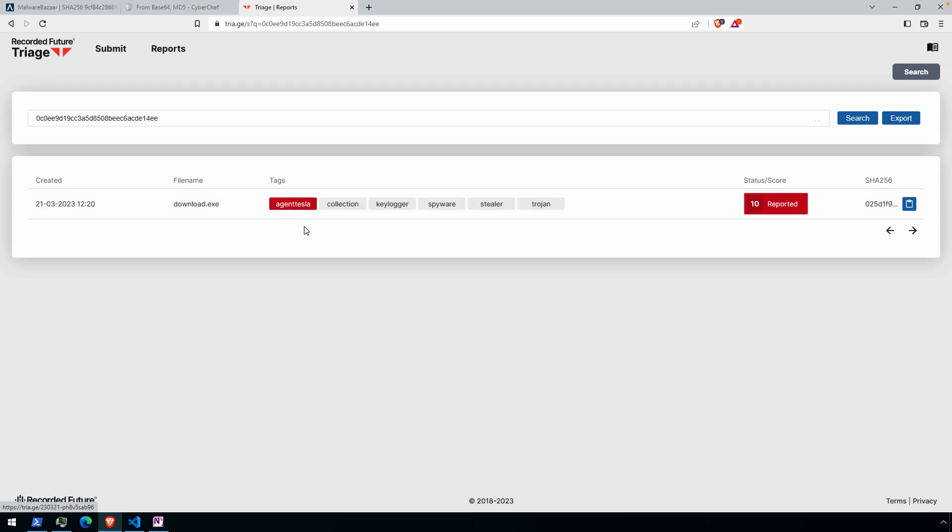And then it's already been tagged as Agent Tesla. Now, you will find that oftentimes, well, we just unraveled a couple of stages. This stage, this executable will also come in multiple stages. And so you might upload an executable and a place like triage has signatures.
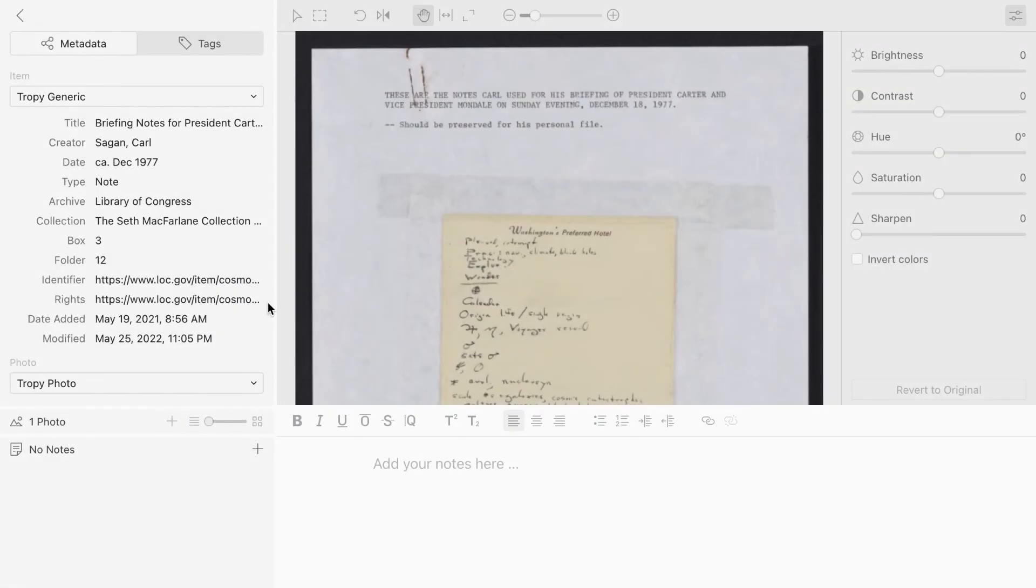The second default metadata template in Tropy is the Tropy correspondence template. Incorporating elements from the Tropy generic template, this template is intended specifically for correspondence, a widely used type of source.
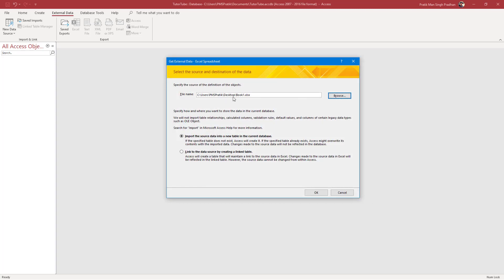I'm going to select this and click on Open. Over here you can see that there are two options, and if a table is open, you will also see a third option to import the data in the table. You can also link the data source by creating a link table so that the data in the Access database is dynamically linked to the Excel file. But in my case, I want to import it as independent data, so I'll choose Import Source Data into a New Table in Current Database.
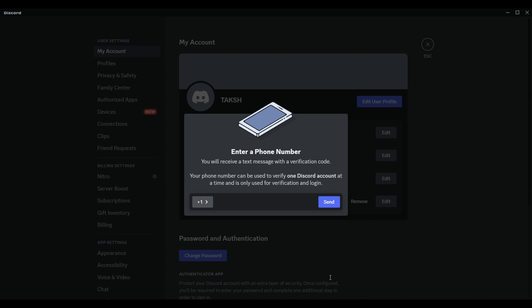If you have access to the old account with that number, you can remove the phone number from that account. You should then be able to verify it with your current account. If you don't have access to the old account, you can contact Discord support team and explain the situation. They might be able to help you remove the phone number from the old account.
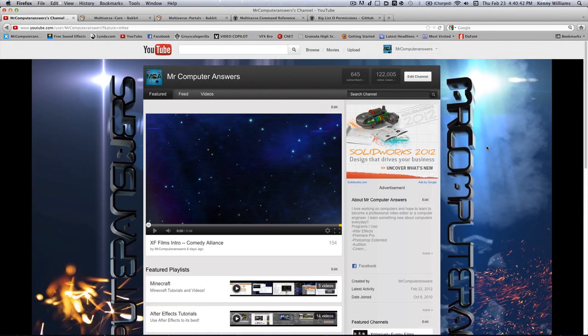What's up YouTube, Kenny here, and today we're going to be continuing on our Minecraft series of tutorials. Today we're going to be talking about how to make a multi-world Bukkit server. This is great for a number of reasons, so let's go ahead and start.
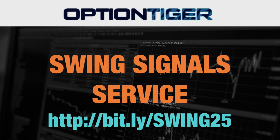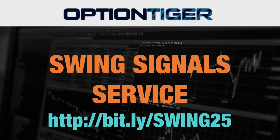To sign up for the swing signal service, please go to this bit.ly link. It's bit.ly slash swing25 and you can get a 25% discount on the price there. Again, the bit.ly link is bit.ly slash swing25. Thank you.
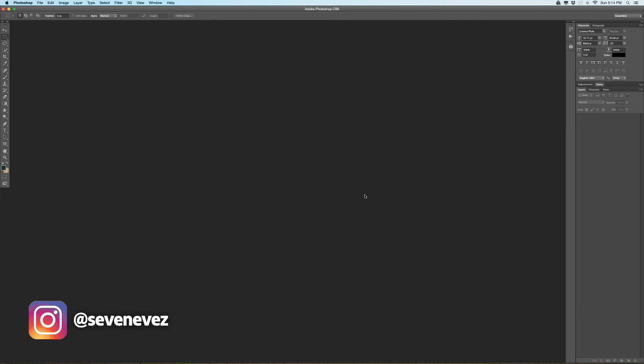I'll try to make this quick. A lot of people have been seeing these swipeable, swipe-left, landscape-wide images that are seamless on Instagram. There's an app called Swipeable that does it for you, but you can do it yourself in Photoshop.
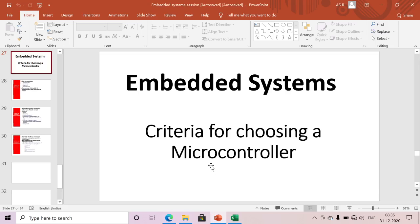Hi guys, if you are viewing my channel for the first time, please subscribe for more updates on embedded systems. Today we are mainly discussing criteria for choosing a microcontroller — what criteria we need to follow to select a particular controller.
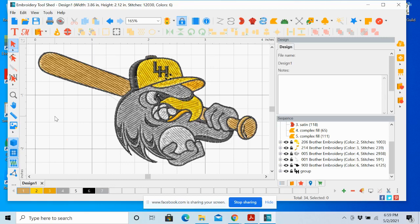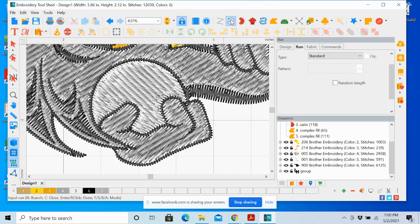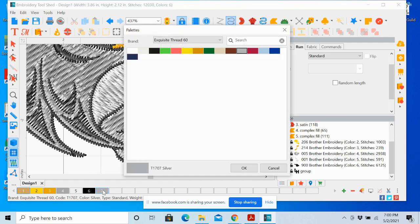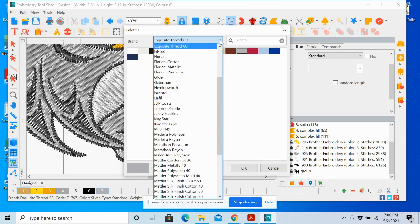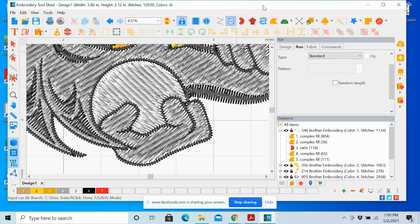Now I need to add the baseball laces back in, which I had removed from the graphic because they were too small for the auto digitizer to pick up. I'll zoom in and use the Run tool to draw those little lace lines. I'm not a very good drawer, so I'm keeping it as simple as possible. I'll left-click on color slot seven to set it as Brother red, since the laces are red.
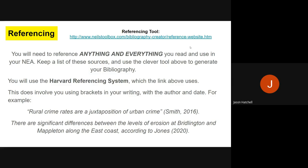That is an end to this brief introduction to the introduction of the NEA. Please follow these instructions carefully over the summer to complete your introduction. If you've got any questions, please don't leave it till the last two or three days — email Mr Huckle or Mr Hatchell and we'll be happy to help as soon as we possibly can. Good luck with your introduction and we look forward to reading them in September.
++++
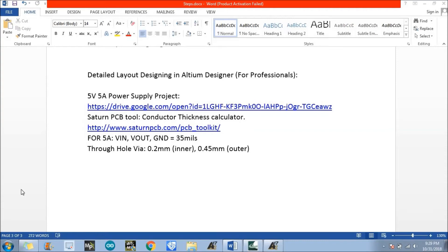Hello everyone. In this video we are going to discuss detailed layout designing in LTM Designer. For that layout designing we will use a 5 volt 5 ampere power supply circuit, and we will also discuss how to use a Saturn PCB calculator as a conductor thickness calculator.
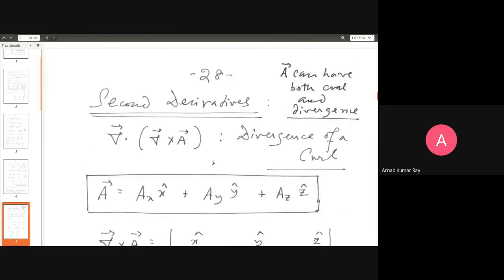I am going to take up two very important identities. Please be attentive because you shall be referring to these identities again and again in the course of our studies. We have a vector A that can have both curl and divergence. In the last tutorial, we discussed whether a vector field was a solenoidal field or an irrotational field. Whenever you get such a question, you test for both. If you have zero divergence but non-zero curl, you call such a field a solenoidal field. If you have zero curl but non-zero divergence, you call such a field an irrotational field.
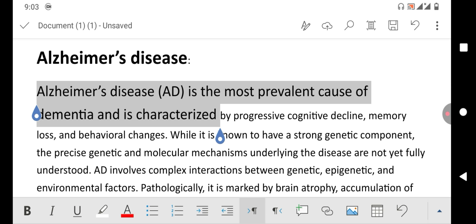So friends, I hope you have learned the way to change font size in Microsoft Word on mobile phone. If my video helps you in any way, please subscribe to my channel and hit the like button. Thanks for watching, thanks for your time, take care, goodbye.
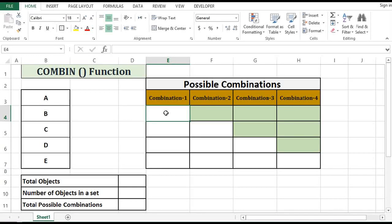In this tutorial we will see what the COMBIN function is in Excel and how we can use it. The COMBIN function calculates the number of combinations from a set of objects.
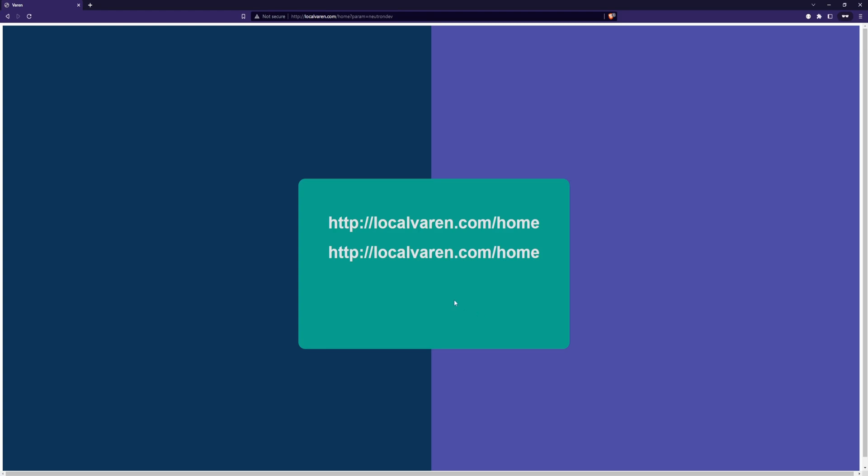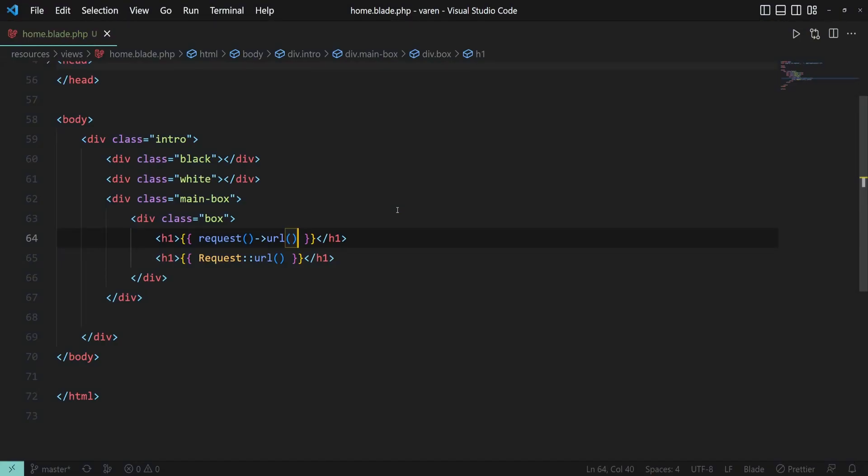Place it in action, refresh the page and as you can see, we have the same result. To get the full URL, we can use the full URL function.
++++
TRY IT
For this exercise, set down the lines in the entries above from the one with "Hello everyone. In" through the one with "In this tutorial" exactly as written, without any pictures.

YOUR RESPONSE
Hello everyone. In this video we are going to discuss detailed layout designing in LTM Designer. For that layout designing we will use a 5 volt 5 ampere power supply circuit, and we will also discuss how to use a Saturn PCB calculator as a conductor thickness calculator.
I am going to take up two very important identities. Please be attentive because you shall be referring to these identities again and again in the course of our studies. We have a vector A that can have both curl and divergence. In the last tutorial, we discussed whether a vector field was a solenoidal field or an irrotational field. Whenever you get such a question, you test for both. If you have zero divergence but non-zero curl, you call such a field a solenoidal field. If you have zero curl but non-zero divergence, you call such a field an irrotational field.
So friends, I hope you have learned the way to change font size in Microsoft Word on mobile phone. If my video helps you in any way, please subscribe to my channel and hit the like button. Thanks for watching, thanks for your time, take care, goodbye.
In this tutorial we will see what the COMBIN function is in Excel and how we can use it. The COMBIN function calculates the number of combinations from a set of objects.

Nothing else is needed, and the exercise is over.